BEGIN Extracted data

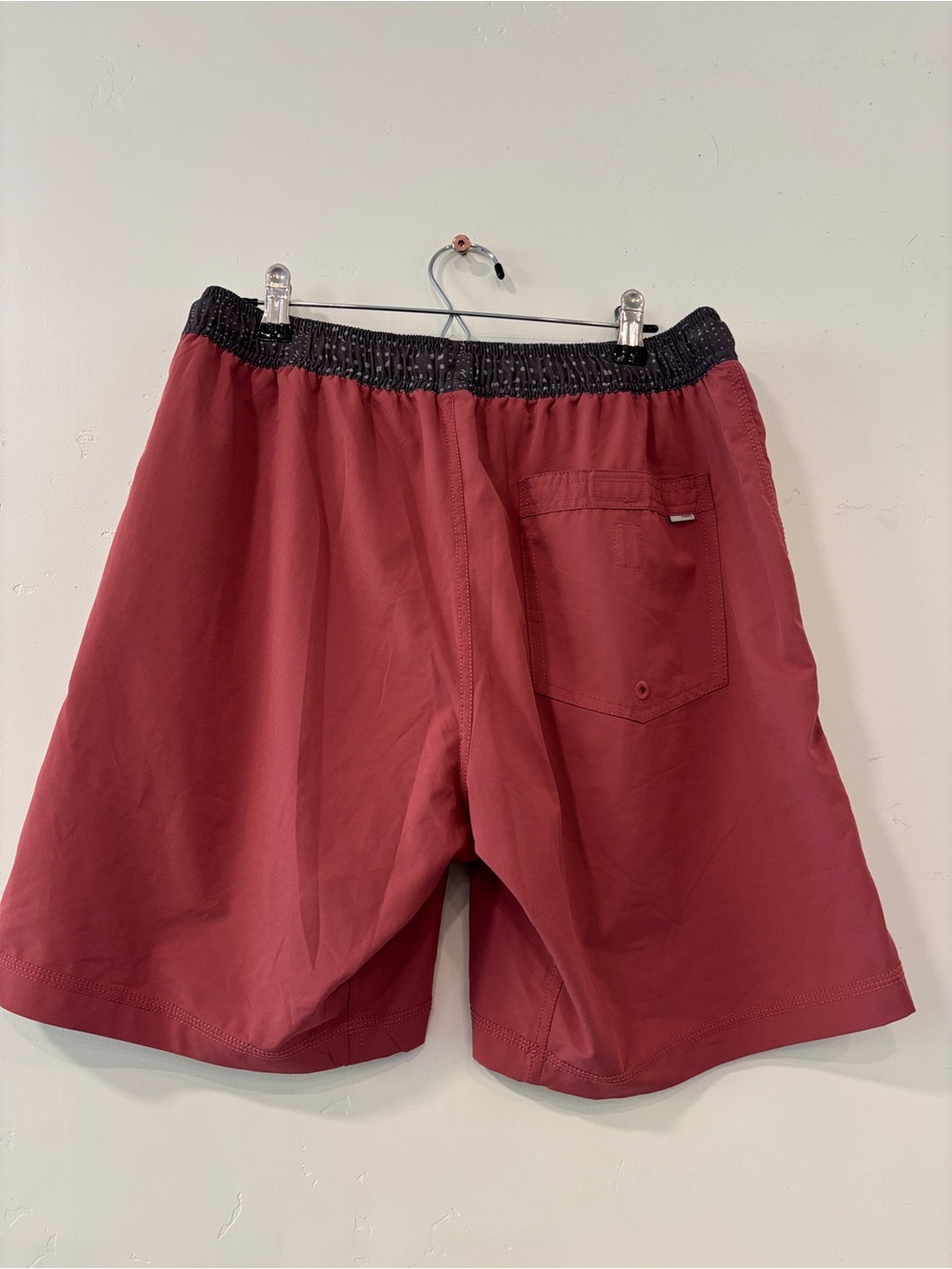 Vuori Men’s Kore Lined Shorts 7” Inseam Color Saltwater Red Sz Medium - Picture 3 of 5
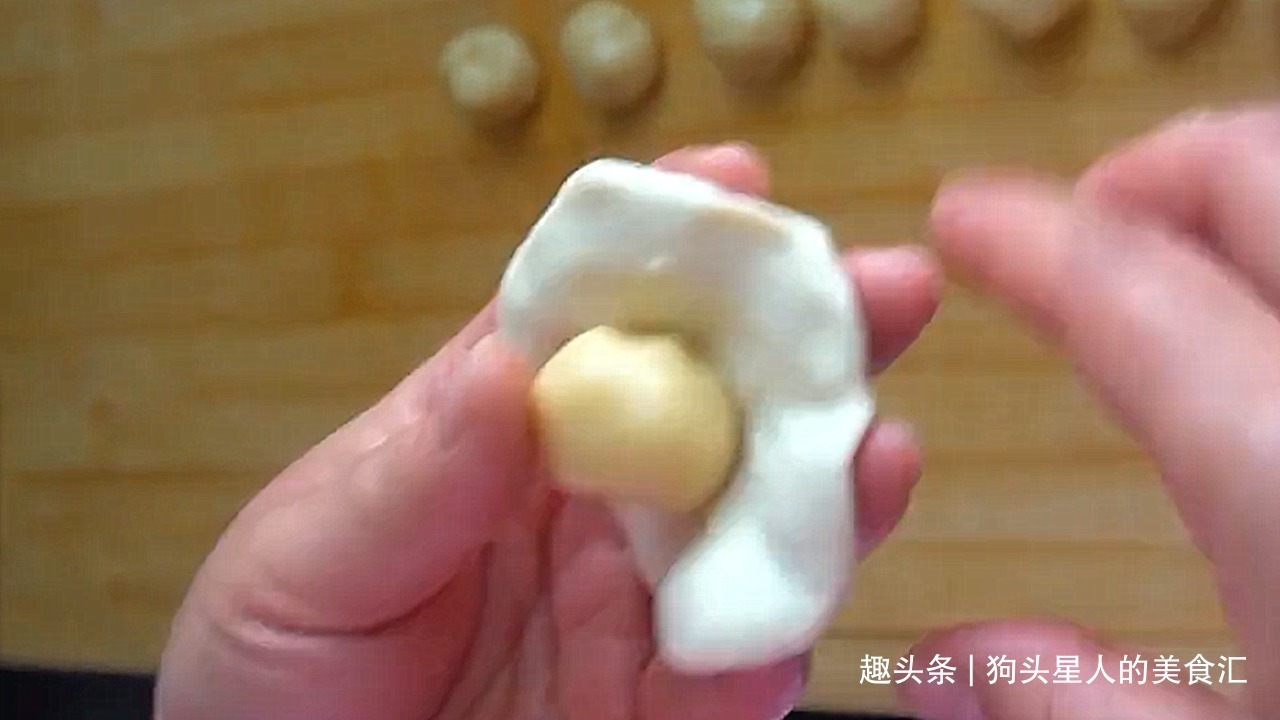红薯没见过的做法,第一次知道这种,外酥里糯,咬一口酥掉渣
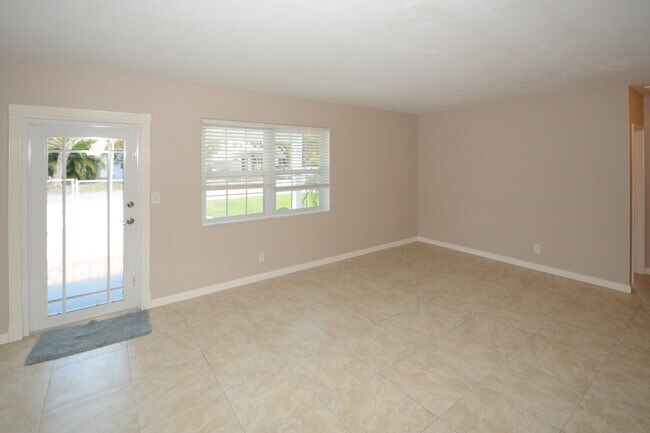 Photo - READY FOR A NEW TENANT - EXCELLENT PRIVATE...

END Extracted data
BEGIN Extracted data

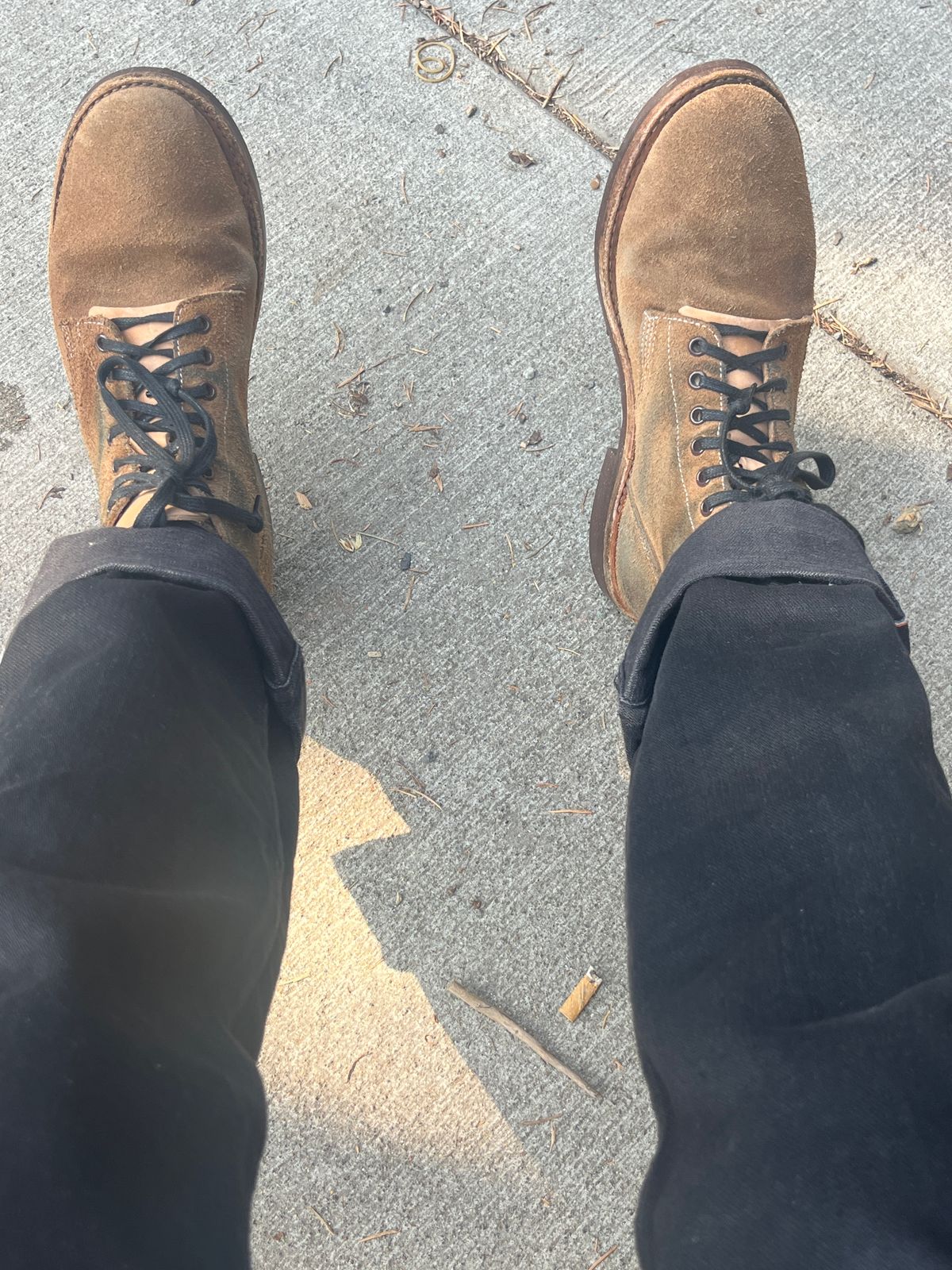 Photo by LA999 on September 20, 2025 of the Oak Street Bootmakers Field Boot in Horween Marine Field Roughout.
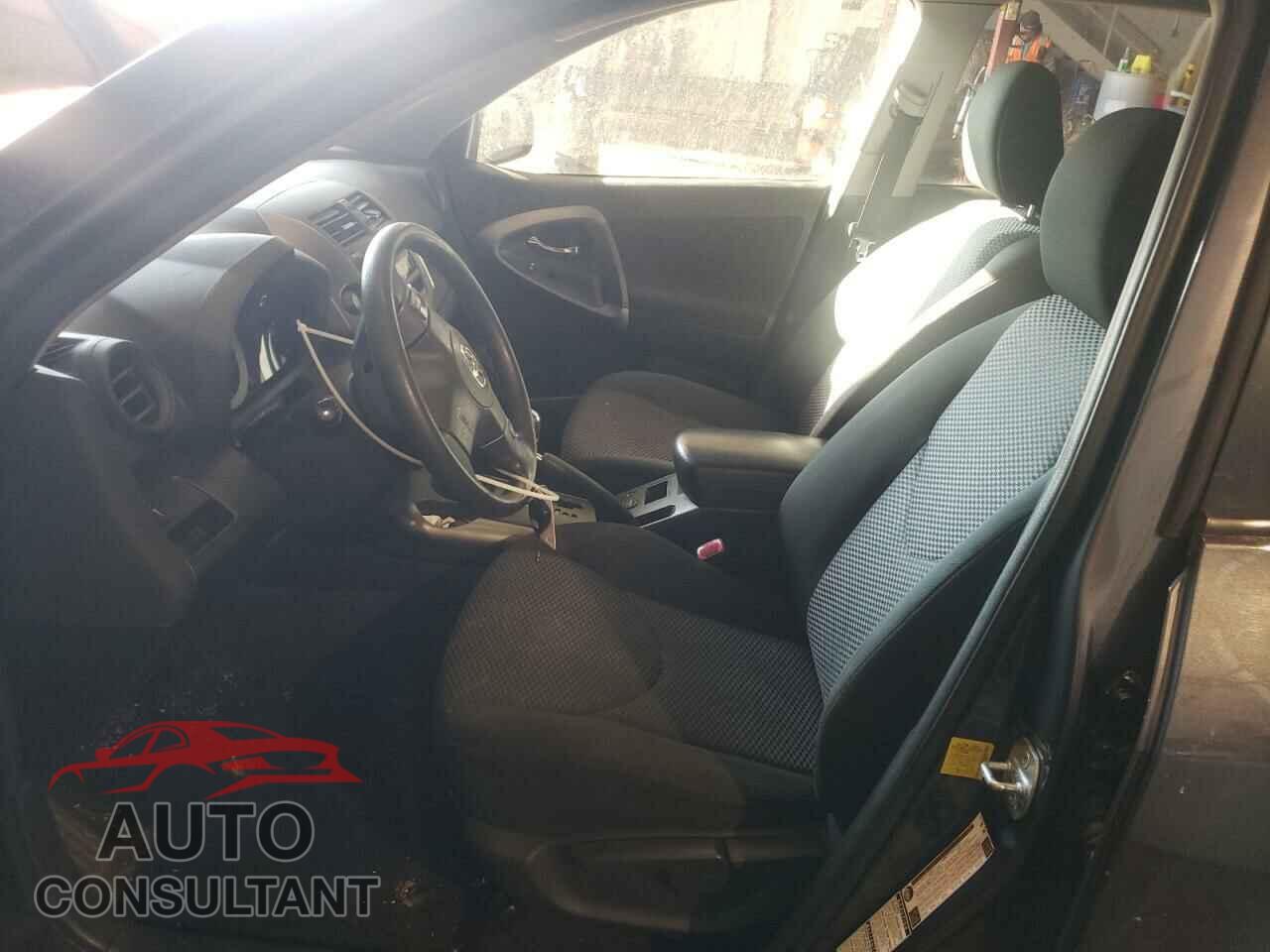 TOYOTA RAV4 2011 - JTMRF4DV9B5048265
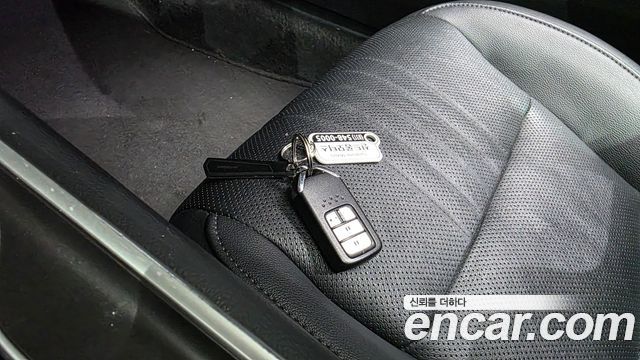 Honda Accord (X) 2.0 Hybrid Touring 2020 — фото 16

END Extracted data
BEGIN Extracted data

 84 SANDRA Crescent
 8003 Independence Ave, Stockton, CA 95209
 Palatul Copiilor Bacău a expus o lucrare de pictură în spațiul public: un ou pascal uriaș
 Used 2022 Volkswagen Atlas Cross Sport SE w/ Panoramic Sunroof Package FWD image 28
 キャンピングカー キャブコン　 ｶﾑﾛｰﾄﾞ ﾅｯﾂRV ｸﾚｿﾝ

END Extracted data

Only the lines above from the one with "Palatul Copiilor Bacău a" up to and including the one with "キャンピングカー キャブコン　 ｶﾑﾛｰﾄﾞ ﾅｯﾂRV ｸﾚｿﾝ" should be repeated, exactly as written.

 Palatul Copiilor Bacău a expus o lucrare de pictură în spațiul public: un ou pascal uriaș
 Used 2022 Volkswagen Atlas Cross Sport SE w/ Panoramic Sunroof Package FWD image 28
 キャンピングカー キャブコン　 ｶﾑﾛｰﾄﾞ ﾅｯﾂRV ｸﾚｿﾝ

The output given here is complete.